10/03/2021 - Il TAR Napoli si esprime sui provvedimenti di attribuzione a terzi di beni facenti parte del patrimonio indisponibile dell'ente pubblico
La possibilità di attribuire a terzi la disponibilità di beni di proprietà pubblica, assoggettati allo svolgimento di un servizio pubblico, e, quindi, facenti parte del patrimonio indisponibile dell’ente pubblico, è tradizionalmente rimessa allo strumento concessorio, tipico provvedimento ampliativo di diritto pubblico.
Ha chiarito il Tar che la possibilità di attribuire a terzi la disponibilità di beni di proprietà pubblica, assoggettati allo svolgimento di un servizio pubblico, e, quindi, facenti parte del patrimonio indisponibile dell’ente pubblico, è tradizionalmente rimessa allo strumento concessorio, tipico provvedimento ampliativo di diritto pubblico (v. in tal senso, Cass. civ., SS.UU., n. 5487 del 2014).
Giova rammentare che la concessione di beni pubblici – qual è quella di cui si discute - è istituto in cui è immanente l’interesse dell’amministrazione a un corretto utilizzo del bene affidato in uso speciale al privato concessionario di talché il contratto che regola il rapporto si rivela essere dipendente logicamente e giuridicamente dal provvedimento con cui si estrinseca il potere di affidamento dell’uso del bene. A tale schema, peraltro, corrisponde la persistenza, anche nella fase esecutiva del rapporto, di poteri di supremazia dell’amministrazione.
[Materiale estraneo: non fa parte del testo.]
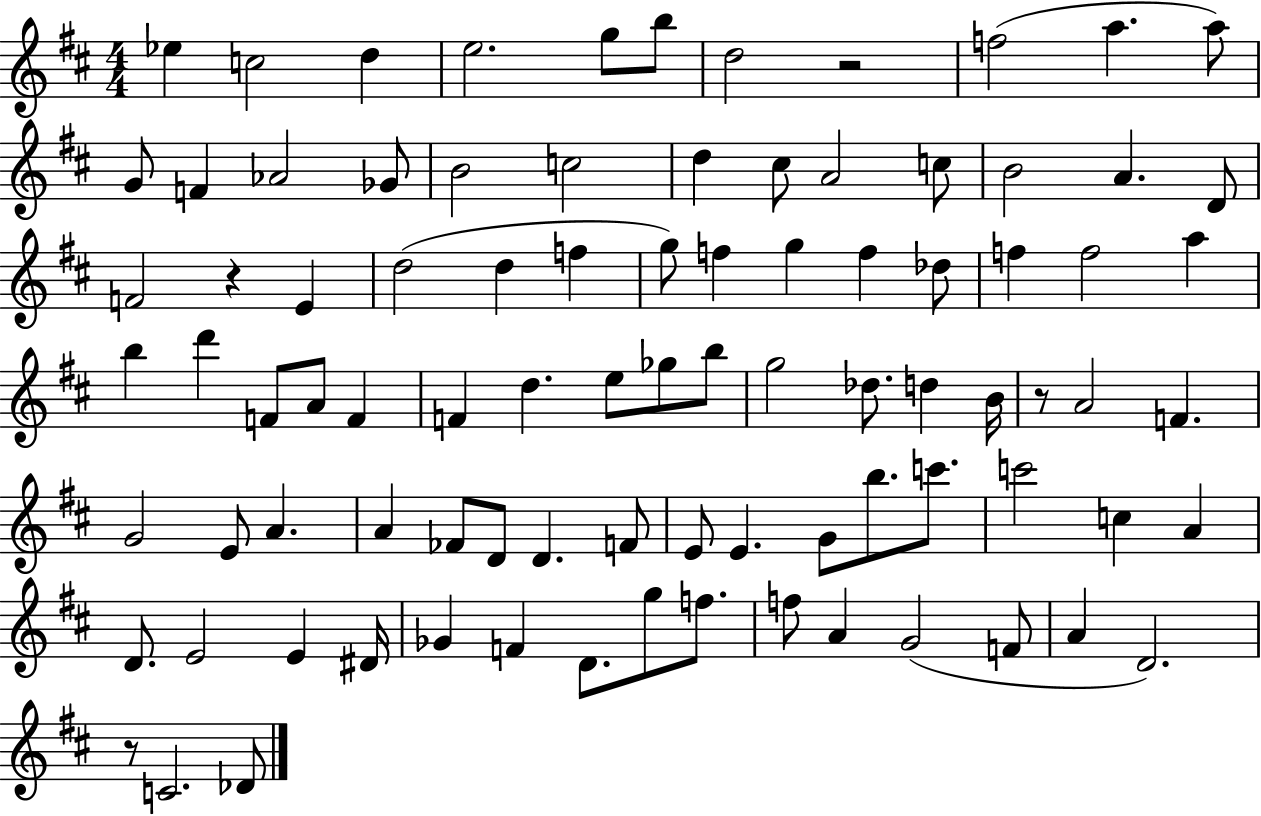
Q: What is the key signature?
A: D major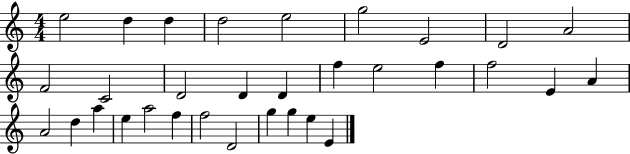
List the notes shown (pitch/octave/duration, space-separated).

E5/h D5/q D5/q D5/h E5/h G5/h E4/h D4/h A4/h F4/h C4/h D4/h D4/q D4/q F5/q E5/h F5/q F5/h E4/q A4/q A4/h D5/q A5/q E5/q A5/h F5/q F5/h D4/h G5/q G5/q E5/q E4/q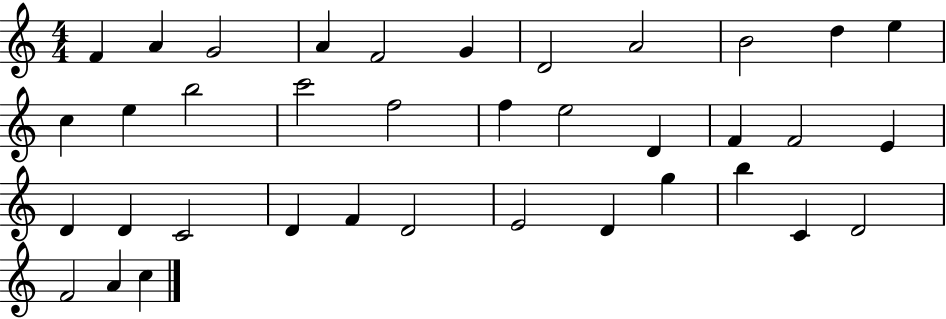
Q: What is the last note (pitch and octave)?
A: C5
In punto di riparto di giurisdizione, quanto si è appena argomentato vale a distinguere la fattispecie in esame dalle figure di concessione ascrivibili alle previsioni del codice degli appalti (art. 3 lett. ‘uu’ e ‘vv’, d.lgs. n. 50 del 2016) rispetto alle quali sta emergendo, nella Corte regolatrice, un indirizzo che restringe la giurisdizione del Giudice amministrativo applicando, per lo più, il criterio di riparto previsto nell'ambito delle procedura di evidenza pubblica (Cass. civ., SS.UU., n. 31027 del 27 novembre 2019 e n. 18267 dell’8 luglio 2019).
Nel caso in esame, trova, invece, applicazione il criterio di cui all’art. 133, comma 1, lett. b, c.p.a. per la concessione di beni pubblici che rimette alla giurisdizione esclusiva del G.A. le controversie “aventi ad oggetto atti e provvedimenti relativi a rapporti di concessione di beni pubblici, ad eccezione delle controversie concernenti indennità, canoni ed altri corrispettivi e quelle attribuite ai tribunali delle acque pubbliche e al Tribunale superiore delle acque pubbliche”.
Il Tar ha ancora ricordato che nell’ambito delle concessioni di beni pubblici, non è ipotizzabile il rinnovo tacito in quanto non è possibile desumere la volontà della P.A. per implicito e, quindi, al di fuori del procedimento prescritto dalla legge per la sua formazione e senza le forme prescritte a tal fine.
Il principio del divieto di rinnovo dei contratti pubblici scaduti, pur previsto espressamente con riferimento al settore degli appalti, si estende anche al settore delle concessioni dei beni pubblici in quanto esso deriva dall’applicazione della regola, di matrice comunitaria, per cui i beni pubblici contendibili non devono poter essere sottratti per un tempo eccessivo e senza gara al mercato e, quindi, alla possibilità degli operatori economici di ottenerne l’affidamento.